Das Thema ist brisant und politisch brandaktuell: Um die wachsende Weltbevölkerung ernähren zu können, konzentriert sich die industrialisierte Landwirtschaft auf das Saatgut einiger weniger Sorten, die unter Einsatz von Pestiziden und Düngemitteln hohe Erträge erzielen. Mit fatalen Folgen für die Natur und die genetische Vielfalt der Pflanzen.
Was, wenn jemand ein neues Saatgut entwickeln würde, das bei jeder Witterung und ohne Einsatz von Pestiziden und Düngemitteln noch stärkere Erträge brächte? Wie stünde es um die Chancen? Wie um die Gefahren? Diese Fragen wirft der sechsteilige Politthriller «Die Saat – Tödliche Macht» auf.
Die Geschichte beginnt mit Victor Vegener (Jonathan Berlin): Der deutsche Journalist und Umweltaktivist verschwindet auf dem norwegischen Archipel Spitzbergen spurlos. Na ja, nicht ganz: Seine Spur verliert sich am Saatguttresor auf Svalbard, wo Saatgutproben aus der ganzen Welt tief in einem Berg lagern. Wir haben es hier mit einer Art Arche Noah der Welternährung zu tun, die es tatsächlich als Backup nach einer möglichen globalen Katastrophe gibt.
Weil die örtliche Polizei die Suche nach Victor nach nur einem Tag einstellt, reist sein Onkel Max (Heino Ferch), ein grummeliger und gesundheitlich angeschlagener Polizeiausbilder, in die unwirtliche Schönheit des Polarkreises, um seinen Neffen zu suchen. Zögerliche und zu Beginn nur widerwillige Unterstützung erhält Max von der lokalen Polizistin Thea Koren (Ingrid Bolsø Berdal).
Während das Duo also im nördlichsten Norden Norwegens ermittelt, tritt in Brüssel Cheflobbyist Jon Hoffmann (einmal mehr grossartig: Rainer Bock) auf den Plan. Er zieht hinterrücks die Fäden des grössten Saatgutherstellers der Welt und beabsichtigt, einen grossen Mitkonkurrenten zu schlucken.
Dazu muss er aber eine EU-Kommissarin vom Deal überzeugen. Als Repräsentantin einer Ökopartei steht diese der Monopolisierung des Ernährungsweltmarktes allerdings sehr kritisch gegenüber. Hier kommt wieder Victor ins komplexe Spiel, der zuletzt über den Agrarkonzern recherchiert hatte. Sein gescheiterter Einbruch in den Svalbard-Saatguttresor stand vermutlich damit im Zusammenhang.

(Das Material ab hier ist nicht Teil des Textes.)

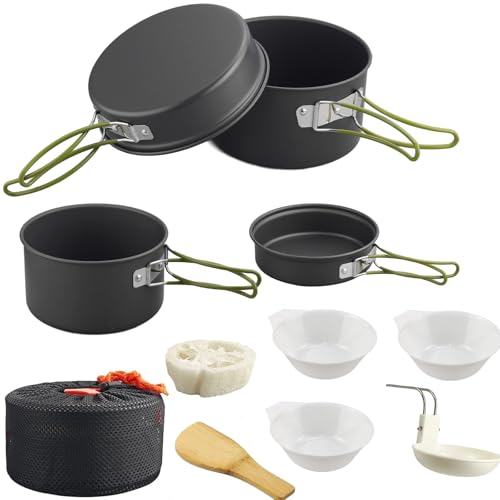 HOMGEN Portable Camping Cookware Set-Ultralight Aluminum Camp Pots and Pans Set for 2-3 People-Comes with 2 Size Non Stick Pot&Pan for Camp Stove-3 Bows-Carrying Bag etc for Camping Trip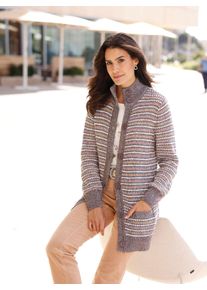 Inspirationen Damen Strickjacke, braun, Gr. 40, gemustert, mehrfarbig, gestreift, 62% Polyacryl, 38% Baumwolle, Strickjacken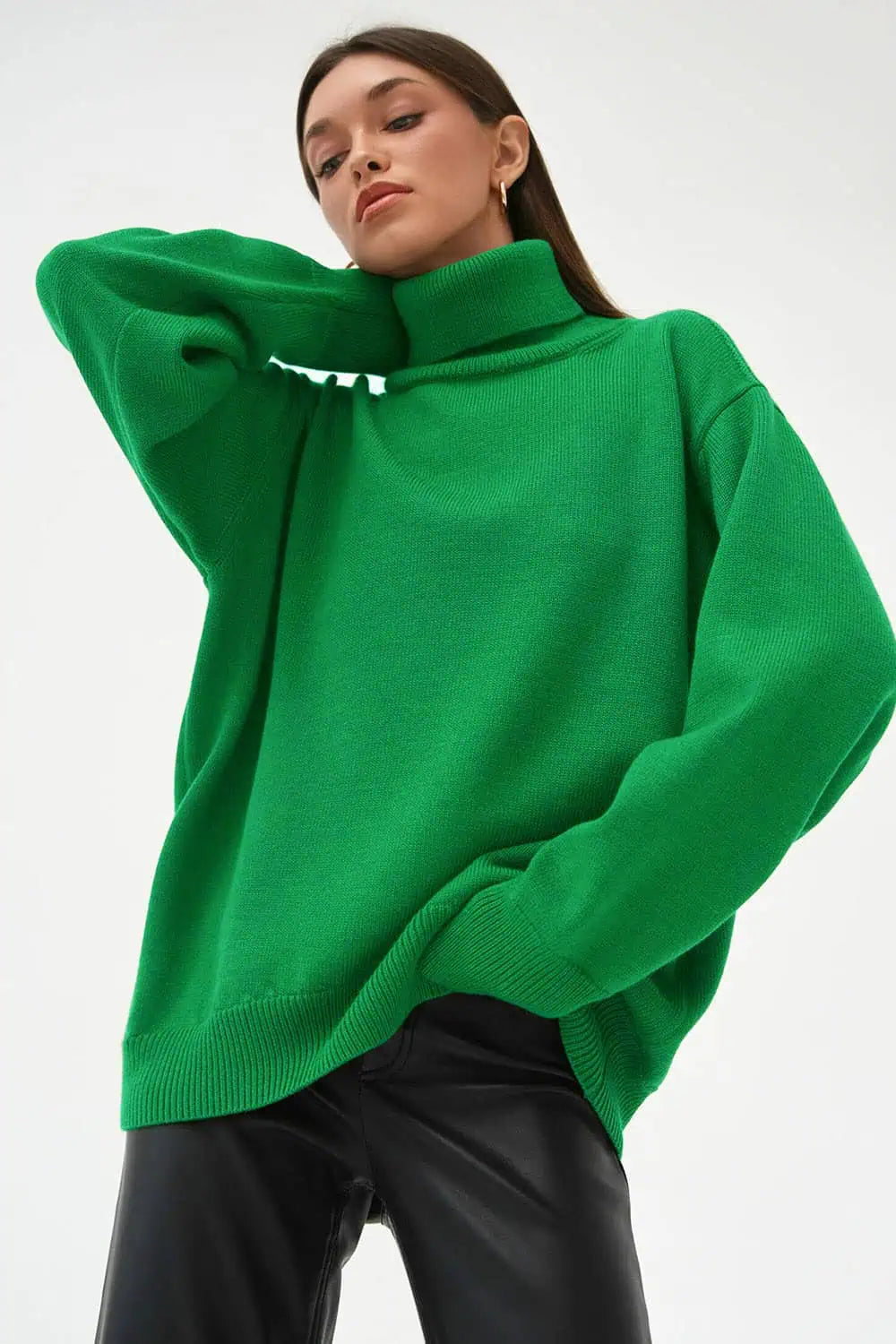 Silk Knit TopsTurtle Neck Dropped Shoulder Sweater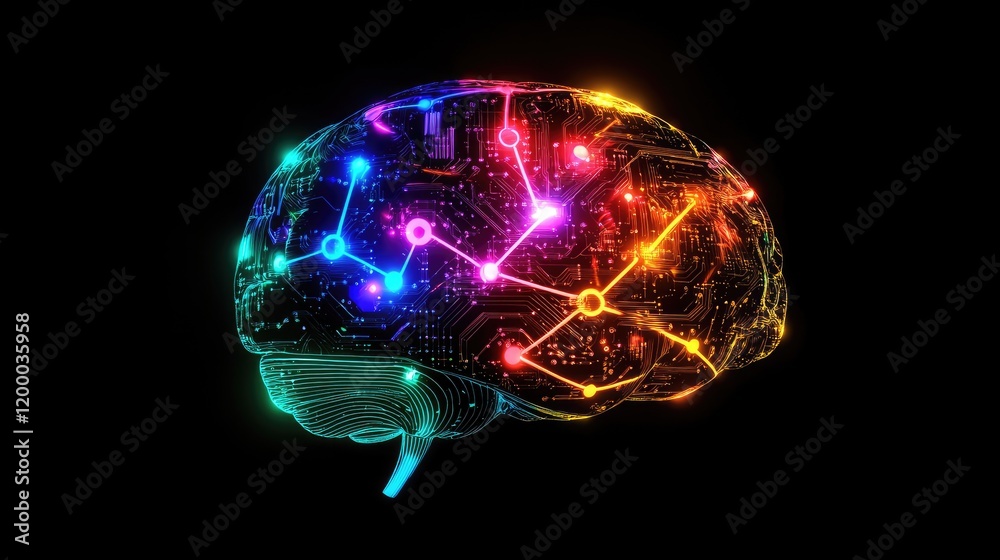 Poster a digital brain illuminated with rainbow circuitry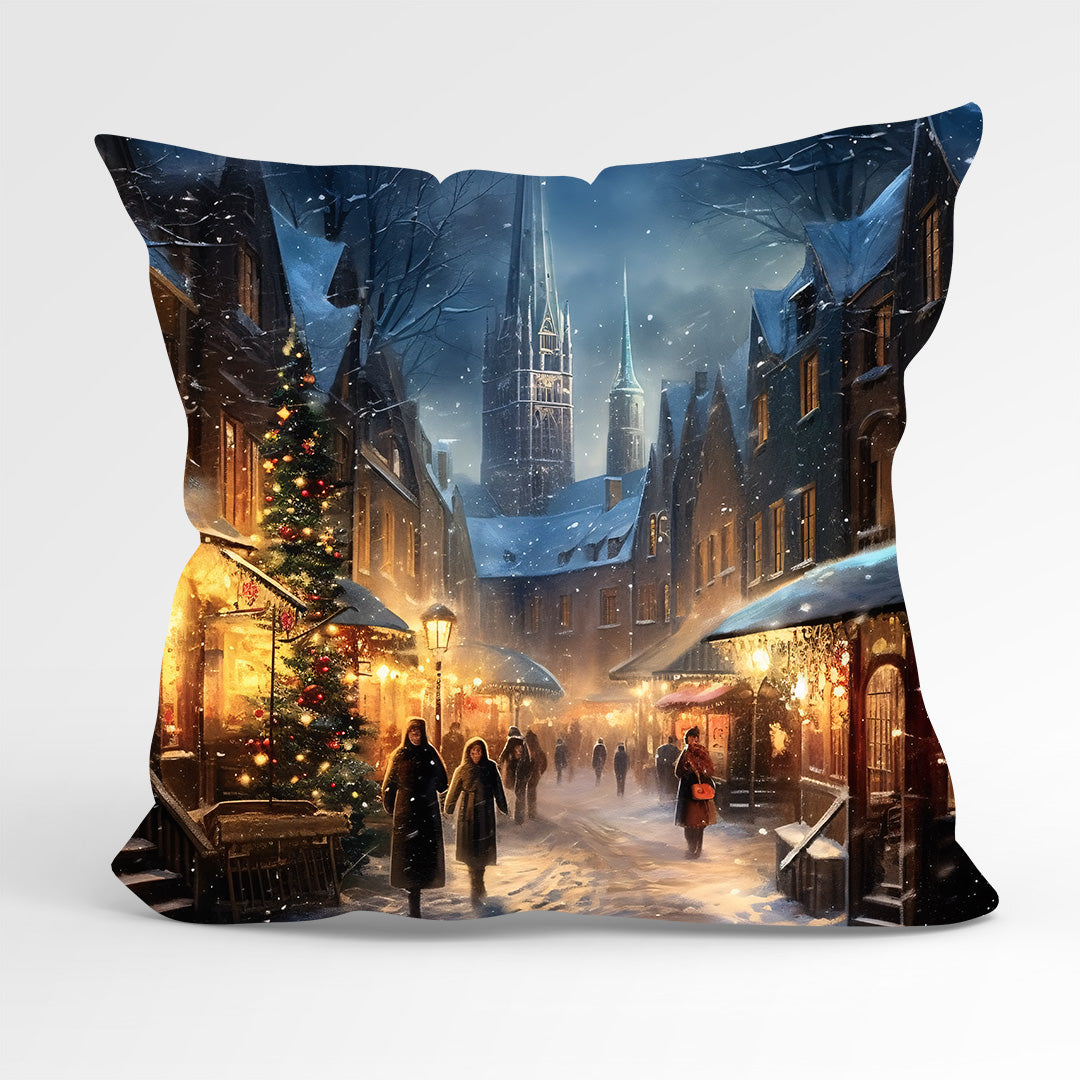 CUSHION Fabric Panel Christmas Town CP-1216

«Ein in der Nähe herumlungernder Eisbär zwang uns zu einer Drehpause.»
Hauptdarsteller Heino Ferch
In den sechs Episoden baut «Die Saat – Tödliche Macht» einen mehrschichtigen Spannungsbogen auf, der den bildgewaltig inszenierten Thrillerplot mit einem aktuellen Wirtschaftskrimi verbindet. Dabei gewährt die Serie aufschlussreiche Blicke hinter die Kulissen der Agrarmacht und ihrer dubiosen Verflechtung mit der Politik.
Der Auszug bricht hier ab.